Sleep and Brain Health Part II

By: Sheila Kun RN, BSN, MS, CPN, FCCP
Salesian Cooperator

I hope you enjoyed the first part of the  publication bRaymond J. Kotwicki, MD, MPH, Charles B. West Chief Medical Officer on Sleep and Brain Health. This week we will examine the stages of sleep, and how sleep affect the mood disorders.

Sleep Architecture

Deep stage sleep comprises three of five stages of sleep. Each night, the body cycles through the five stages of sleep four to six times, spending approximately 90 to 120 minutes in each stage.

Initially, you enter lighter sleep stages, followed by deeper, slow-wave sleep. Later in the night, you should enter the extremely important stage of sleep, Rapid Eye Movement (REM) sleep. During REM, your brain is actually very active despite your body being physically at rest. REM is the stage of sleep when you dream. REM sleep alternates with slow-wave sleep for several hours.

“Sleep architecture” is a term used to describe how someone moves through the stages of sleep each night, the order of the cycles, the time spent in each cycle, and any periods of wakefulness in between. The best kind of sleep for restoring and promoting brain health is when you cycle through the stages of sleep in a predictable way, uninterrupted, every night.
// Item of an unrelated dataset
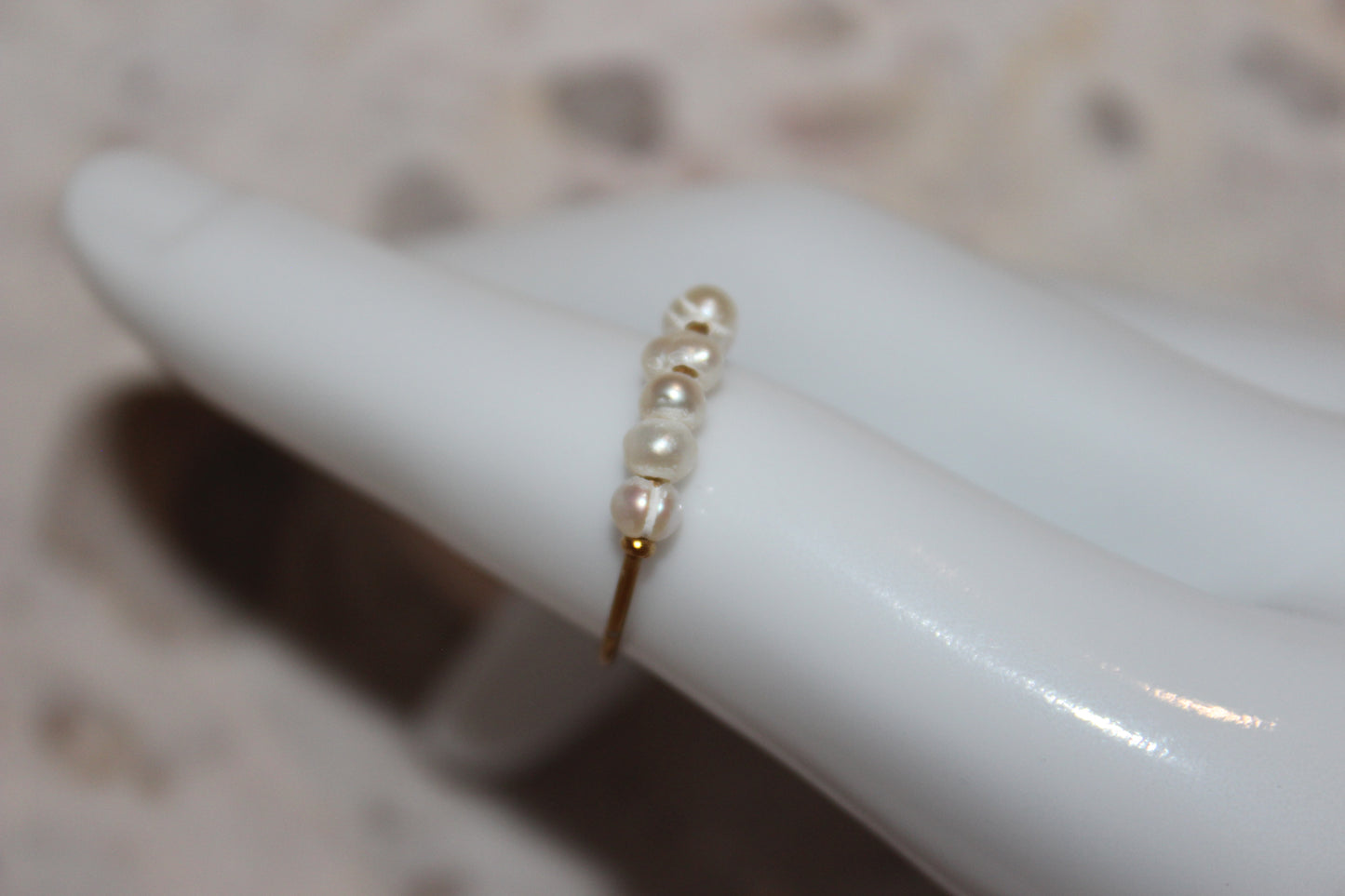 Mermaid Pearl Ring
People who don’t cycle through the stages of sleep in a predictable way because, for example, they have sleep apnea, may appear to get eight hours of sleep every night, but they are not getting the full benefits of restorative sleep.

Sleep and Mental Health

Sleep and Mood Disorders

Sleep is particularly important for people with mood disorders. Research indicates that a combination of medication therapy, evidence-based psychotherapy, and behavioral changes yield the best results in preventing mood episodes. While important behavioral changes also include a healthy diet, exercise, and social interactions, a regular schedule of eight hours of sleep each night is highly correlated with improved mood.

For example, for someone with bipolar disorder who is experiencing a manic episode, getting three nights of eight hours of sleep in a row greatly improves the likelihood that the manic episode will break, whereas prolonging a pattern of sleeplessness may lengthen the duration of the manic episode.

Individuals with atypical depression often get too much sleep; they may sleep 12 to 14 hours a night. For these individuals, taking steps to limit sleep to just eight hours a night can help improve mood and end a depressive episode.

Many antidepressant medications, such as SSRIs, actually change the amount of time you spend in certain stages of sleep so that you spend more time in the deeper stages of sleep and REM. Some in the medical community think this function of SSRIs is one of the reasons the medications work to alleviate symptoms of depression.

Your homework from the Care Ministry this week: understand the stages of sleep and their effect on mood disorders.